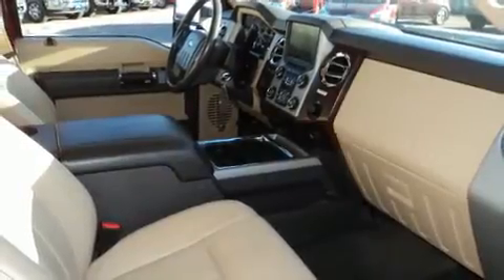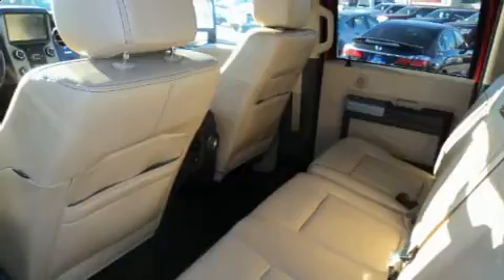You and your passengers will enjoy the stereo system, which includes a CD player with MP3 capability, steering wheel-mounted audio controls, and four well-positioned speakers.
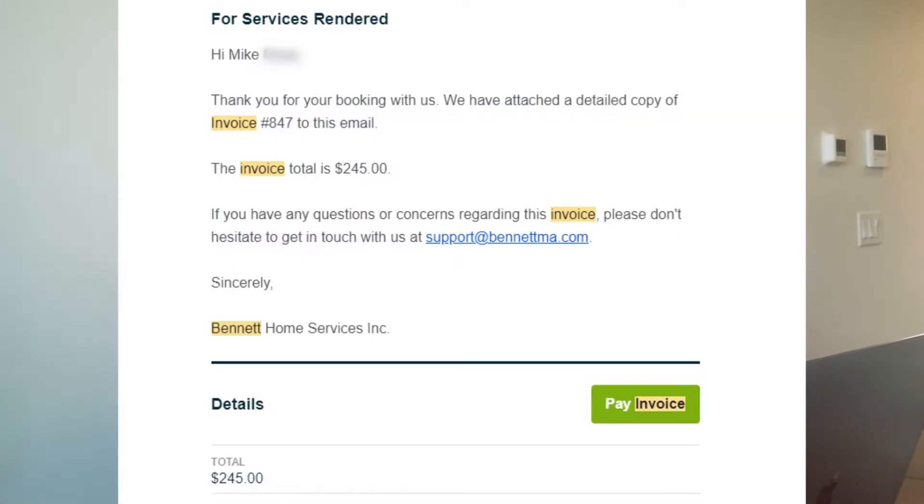Now let's talk about payments. Jobber makes accepting payments from your clients very easy. When you send them an invoice by email, they simply click that pay invoice button in the email and then they can put in their credit card information. They have their own payments platform called Jobber Payments. The cool thing about Jobber Payments is that it allows you to keep your client's credit card information on file for future visits and recurring payments. Another cool feature is that you can get paid instantly if you don't want to wait for that payout date, similar to what Venmo does.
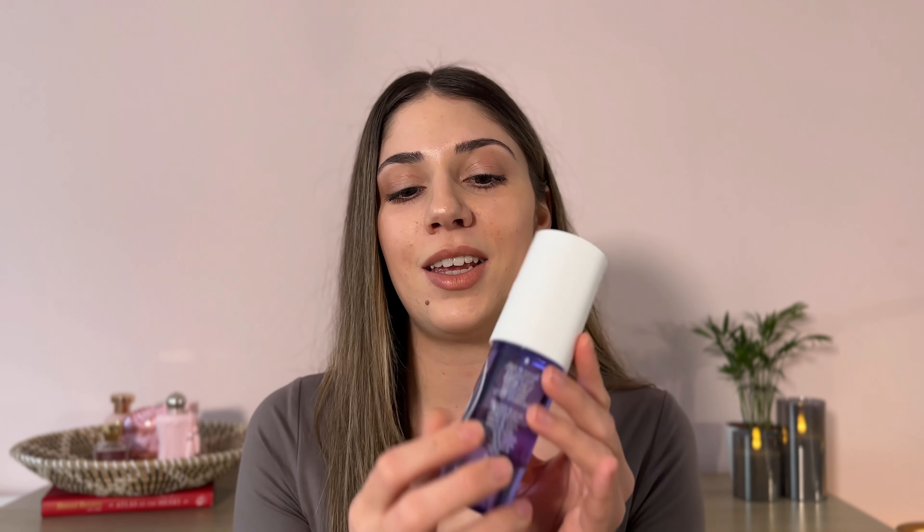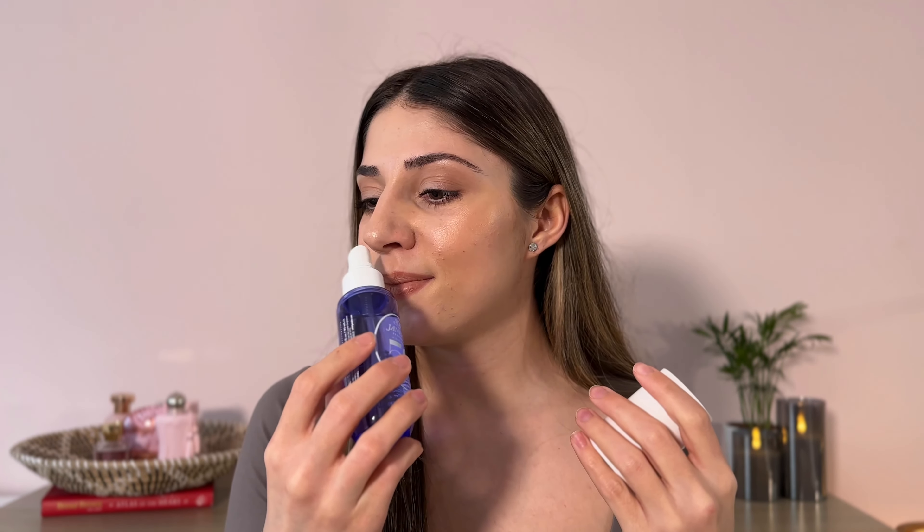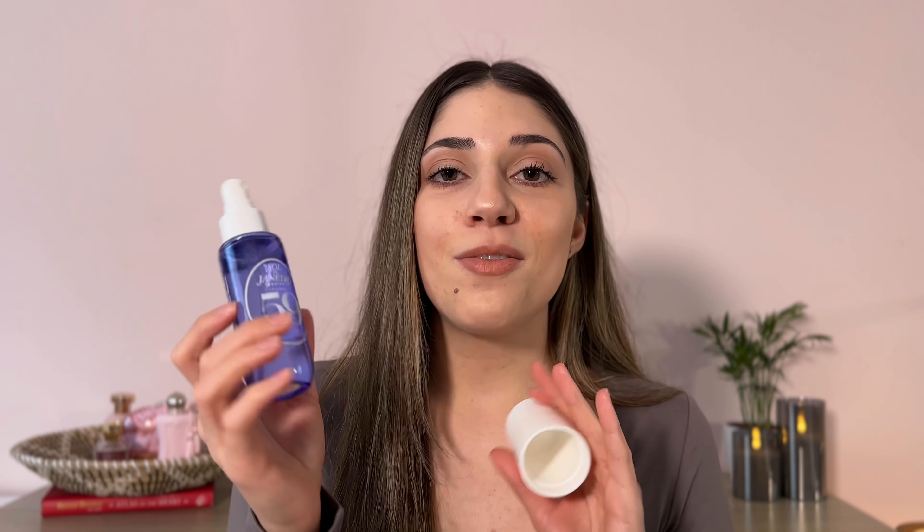I decided to go for it because I absolutely loved the bottle. The notes listed on the Sol de Janeiro website are: at the top, plum and sugar violet; in the middle, vanilla orchid and amber; and in the dry down, sandalwood and vetiver. The main notes are vanilla orchid, sugar violet, and sheer sandalwood. I didn't really know what to expect, but when I sprayed it on my skin I just loved it instantly — it's so, so pretty.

### What the task asks:
Please retype the data exactly as it appears, but without any of its pictures.

### Finished exercise:
You and your passengers will enjoy the stereo system, which includes a CD player with MP3 capability, steering wheel-mounted audio controls, and four well-positioned speakers.
Now let's talk about payments. Jobber makes accepting payments from your clients very easy. When you send them an invoice by email, they simply click that pay invoice button in the email and then they can put in their credit card information. They have their own payments platform called Jobber Payments. The cool thing about Jobber Payments is that it allows you to keep your client's credit card information on file for future visits and recurring payments. Another cool feature is that you can get paid instantly if you don't want to wait for that payout date, similar to what Venmo does.
I decided to go for it because I absolutely loved the bottle. The notes listed on the Sol de Janeiro website are: at the top, plum and sugar violet; in the middle, vanilla orchid and amber; and in the dry down, sandalwood and vetiver. The main notes are vanilla orchid, sugar violet, and sheer sandalwood. I didn't really know what to expect, but when I sprayed it on my skin I just loved it instantly — it's so, so pretty.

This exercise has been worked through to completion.